Data for processing:
►
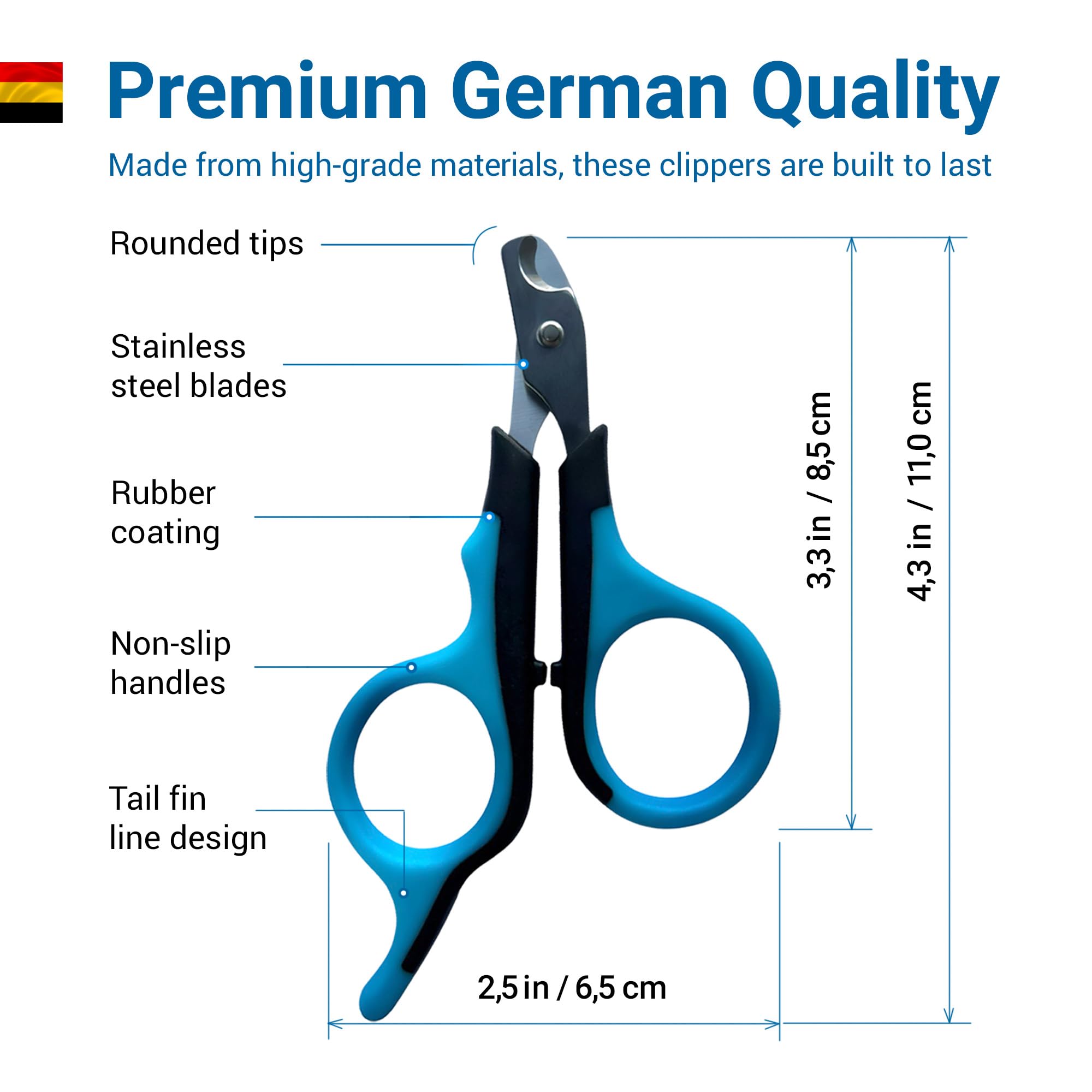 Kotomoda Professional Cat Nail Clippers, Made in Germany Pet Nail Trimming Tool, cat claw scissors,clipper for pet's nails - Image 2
◄
►
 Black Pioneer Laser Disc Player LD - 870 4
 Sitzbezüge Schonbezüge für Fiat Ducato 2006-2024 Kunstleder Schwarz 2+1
◄
Using the entries above, repeat only the lines from the one containing "Black Pioneer Laser Disc Player LD - 870 4" through the one containing "Sitzbezüge Schonbezüge für", end lines included.

 Black Pioneer Laser Disc Player LD - 870 4
 Sitzbezüge Schonbezüge für Fiat Ducato 2006-2024 Kunstleder Schwarz 2+1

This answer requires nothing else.